Watson attempted to ease the cracked dryness from his lips with the desert of his tongue. Failing that, he peered cautiously at his bedside table in the vain hope of a tumbler of water or perhaps even a speck or two of morning dew. His disappointed sigh became a wheezing cough as he settled back down.

The sad spectacle he made of himself prompted Holmes's retreat, followed shortly by the quick tromp of footsteps down the stairs, which happily meant a few minutes for Watson to try to think clearly and hopefully, a jug full of blessed water.

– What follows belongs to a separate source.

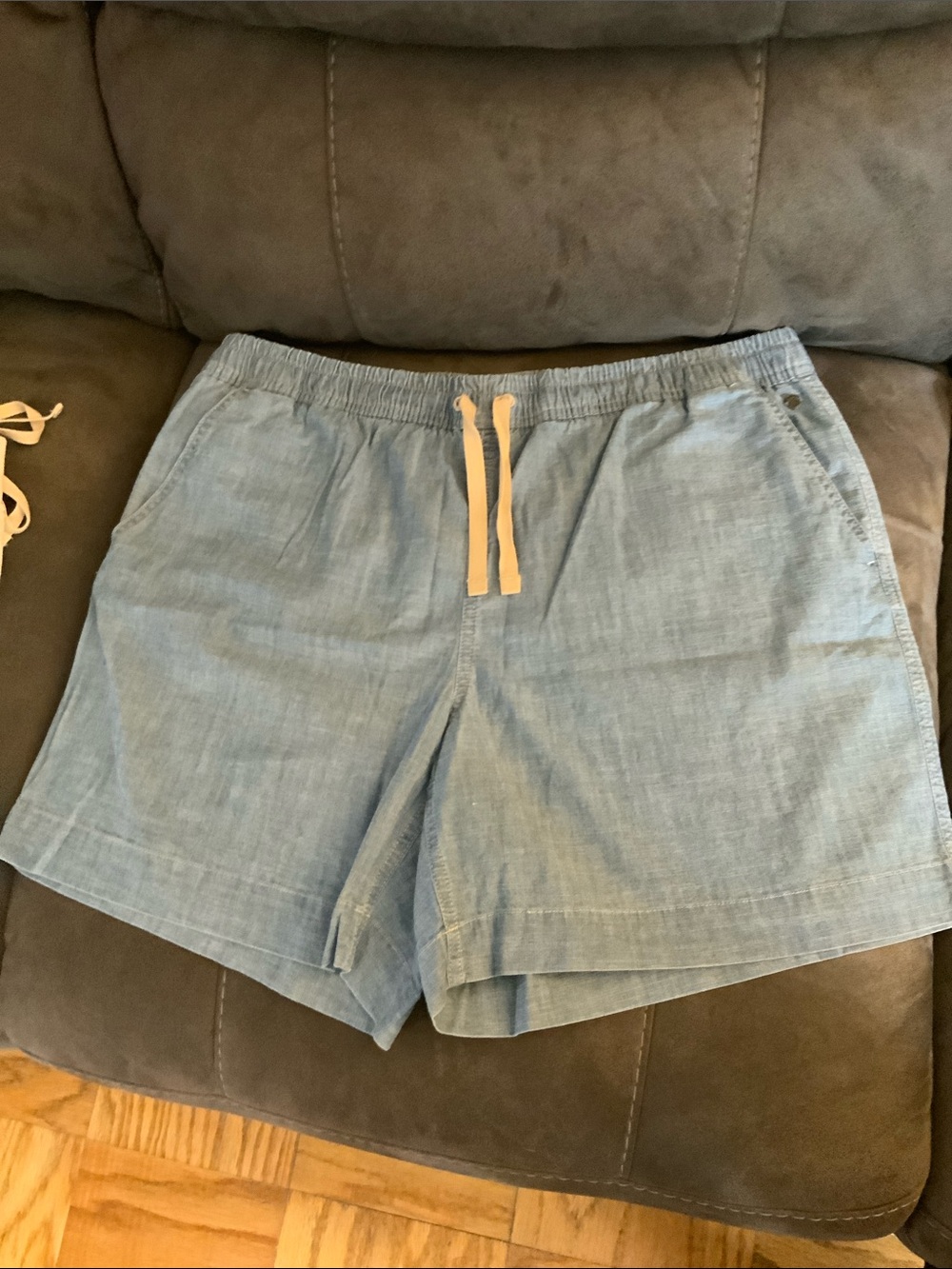 L.L.Bean Light Chambray Shorts in Soft Blue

When Holmes returned, glass in one hand and pitcher in the other, and after Watson had gratefully drained nearly half of it, Watson said, "I'm afraid I have something important to tell you. You're going to be rather disappointed with me."

Just finishing pouring another glassful and about to hand it over, Holmes instead lifted it to his own lips, drinking deeply. He cleared his throat and said in a measured, calm tone, "Yes, Watson?"

Standing at the precipice of a choice Watson was certain he would face again, he said, "I've lost the rent."

The tension in Holmes's shoulders eased. "Well. Not an altogether unsalvageable situation, as I have prepared for such an occasion. But perhaps we should consider other measures for the future?"

"Yes," Watson agreed, clutching at the dreadful hope that he had not been wrong, that he would have another chance. "Yes, of course."